"""
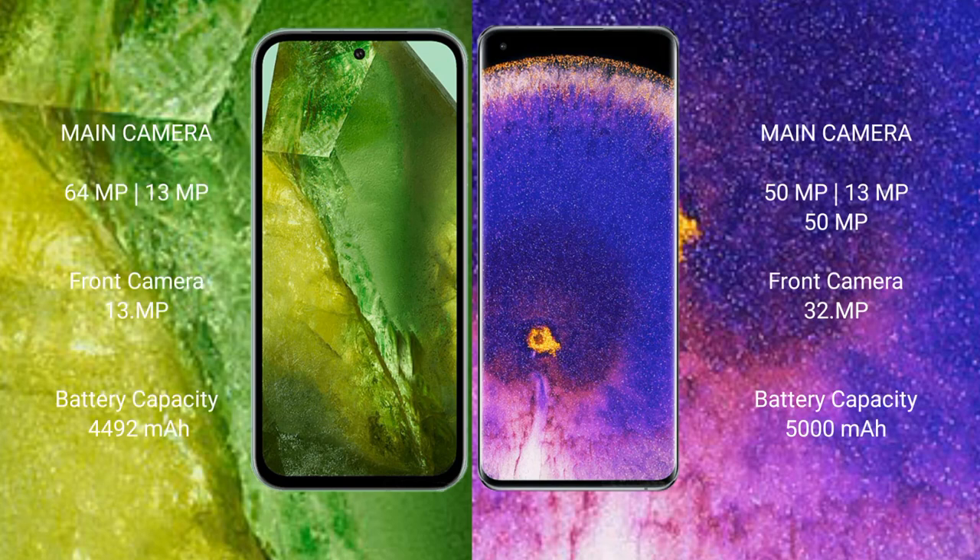Google Pixel 8 has a dual camera setup: 50MP plus 13MP on the rear, and a 13MP front camera. Oppo Find X5 Pro has a triple camera setup: 50MP plus 13MP plus 13MP on the rear, and a 32MP front camera.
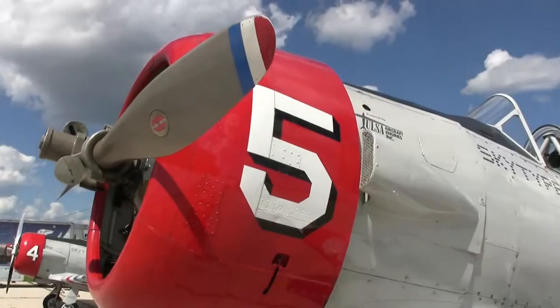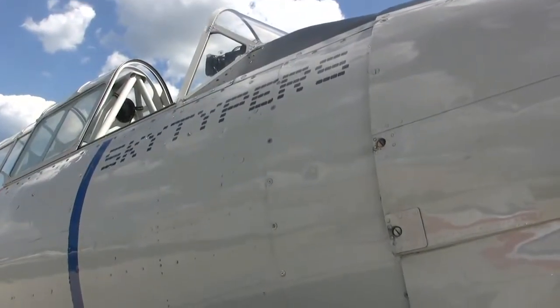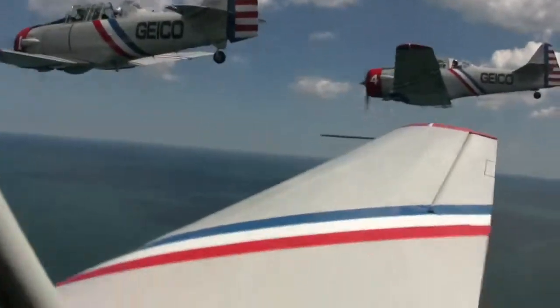Meet one of the newest additions to the Milwaukee Air and Water Show: the GEICO Skytypers. These six aircraft explored new heights at Lake Michigan this week before their debut performance at the Air and Water Show this weekend.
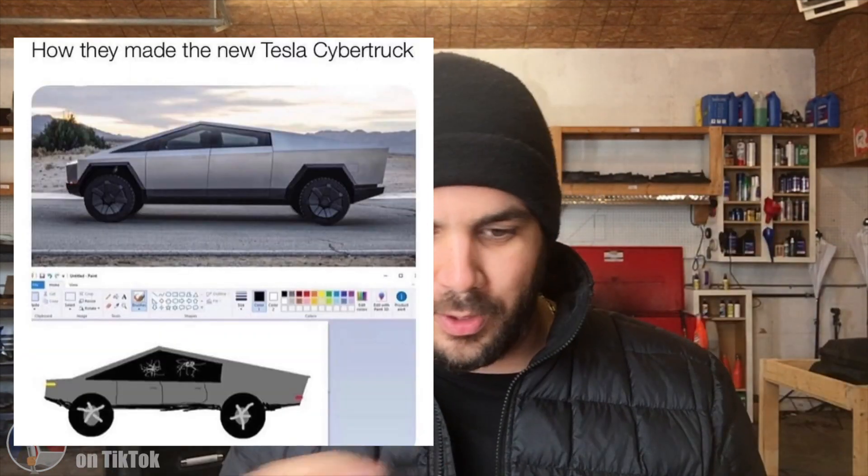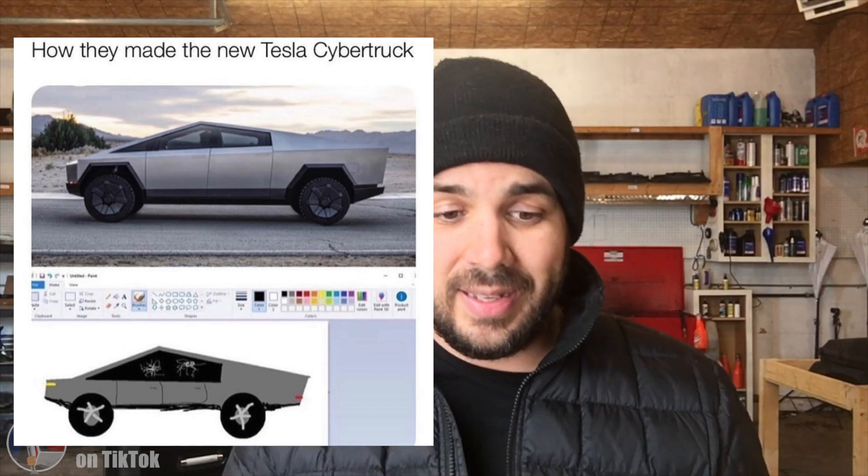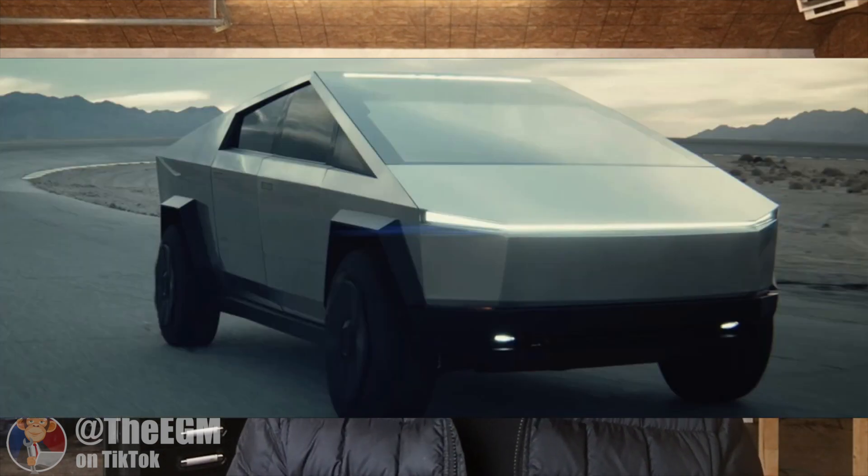The Cybertruck is probably the most hideous thing I've ever looked at in my life — and I might be exaggerating, but it truly is ugly. I saw a meme on the internet where it looked like somebody had drawn it in the paint app when they were a kid. That's legitimately what this truck looks like. The more I look at it, it kind of grows on you a little, but it's bad. It has a peak up, it looks like a tent — it's a rolling pyramid.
"""
## [WORK REQUEST]
Transcribe all the data word for word; the images stay out.

## [SOLUTION TO THIS TASK]
Google Pixel 8 has a dual camera setup: 50MP plus 13MP on the rear, and a 13MP front camera. Oppo Find X5 Pro has a triple camera setup: 50MP plus 13MP plus 13MP on the rear, and a 32MP front camera.
Meet one of the newest additions to the Milwaukee Air and Water Show: the GEICO Skytypers. These six aircraft explored new heights at Lake Michigan this week before their debut performance at the Air and Water Show this weekend.
The Cybertruck is probably the most hideous thing I've ever looked at in my life — and I might be exaggerating, but it truly is ugly. I saw a meme on the internet where it looked like somebody had drawn it in the paint app when they were a kid. That's legitimately what this truck looks like. The more I look at it, it kind of grows on you a little, but it's bad. It has a peak up, it looks like a tent — it's a rolling pyramid.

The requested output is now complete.